La vida esta plena de paradojas. De soledades.
De presencias que no siempre se saben disfrutar con la plenitud irrevocable de cada instante.
En eso pensaba, después de la despedida. Con el gusto de sus labios en mis labios, al sentarme en el asiento del micro de larga distancia. Cuando la señora vecina de asiento, me dijo en tono de confesión señalándome la bolsa floreada apoyada justo enfrente mío y al lado del expendedor de café y agua:
-Ahí viaja mi lorito.
No le dije nada, le conteste apenas con una sonrisa, estaba adentro de mi despedida que implica muchos días y 500 kilómetros de distancia. Pero la suerte del loro y de su dueña (una señora de unos 65 años que llevaba anteojos oscuros y el ojo derecho tapado con un apósito), me inquietaba.

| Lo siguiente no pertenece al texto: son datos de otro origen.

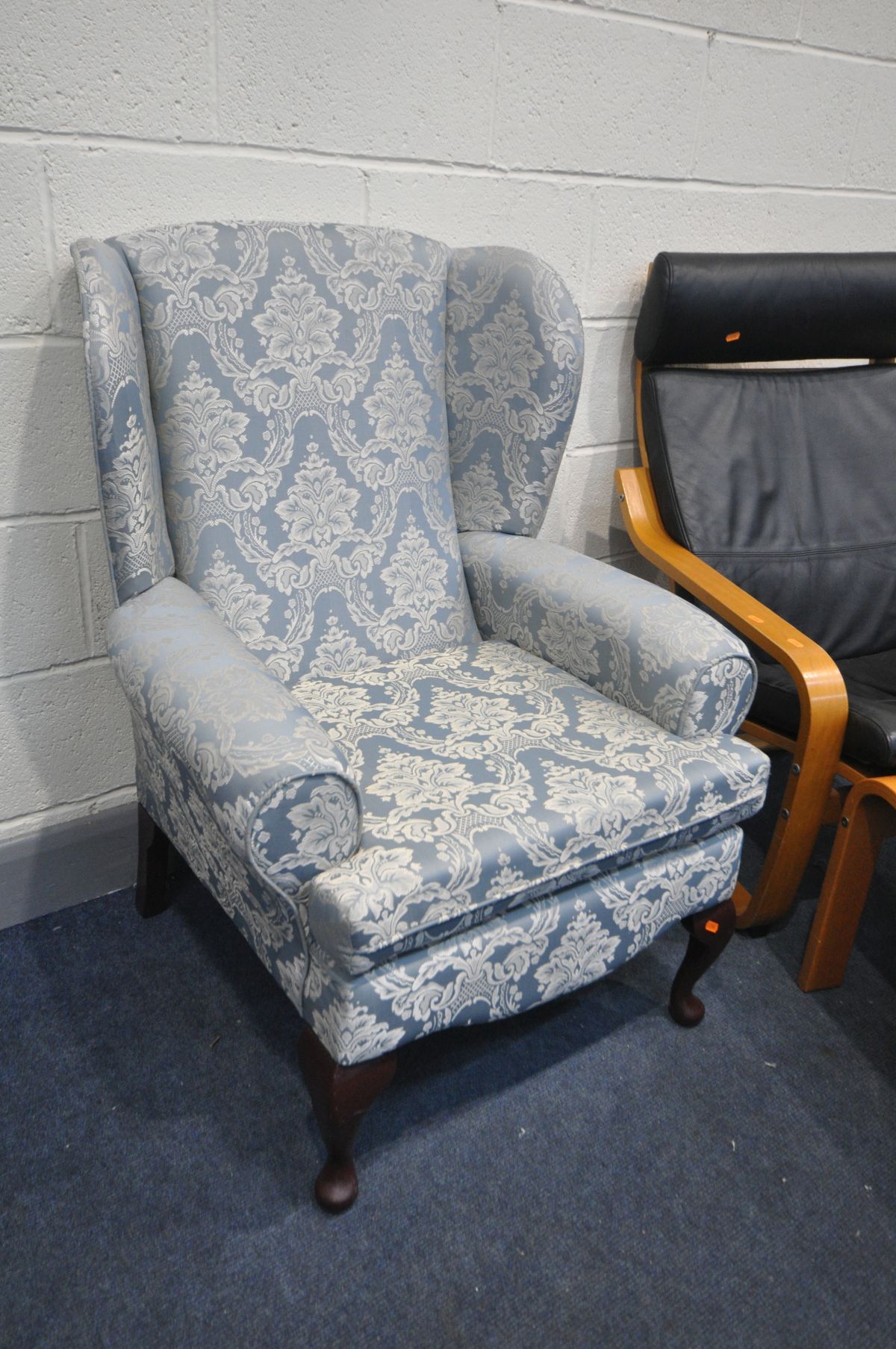 A MODERN BEECH AND BLACK LEATHERETTE CANTILEVER CHAIR, and footstool, along with a French armchair - Image 3 of 5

Cuando llegamos a destino, la vi abrir la bolsa y me anime a preguntarle si estaba bien el lorito.
-Si, mueve la patita, además viaja con comidita en la caja...

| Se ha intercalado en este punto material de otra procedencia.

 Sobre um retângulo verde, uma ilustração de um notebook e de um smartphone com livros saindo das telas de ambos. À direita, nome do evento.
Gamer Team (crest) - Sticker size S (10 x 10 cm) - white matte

Me dice que el lorito viene desde la casa de su hijo en Paraná, que es su regalo de las fiestas. Lo dice con una mezcla de ilusión y ternura que no puedo reproducir con mi torpe escritura.
-Yo tenía otro, pero me lo comió un gato. -Agrega.
Me cuenta que le faltan al menos 45 minutos de viaje en colectivo urbano hasta llegar a la seguridad de su departamento sobre la calle Cabildo. Le deseo suerte mientras se abre la puerta del micro y nuestros pasos se alejan definitivamente.
Así estamos todos creo. Con nuestras ilusiones siempre frágiles. Siempre a merced del destino impredecible.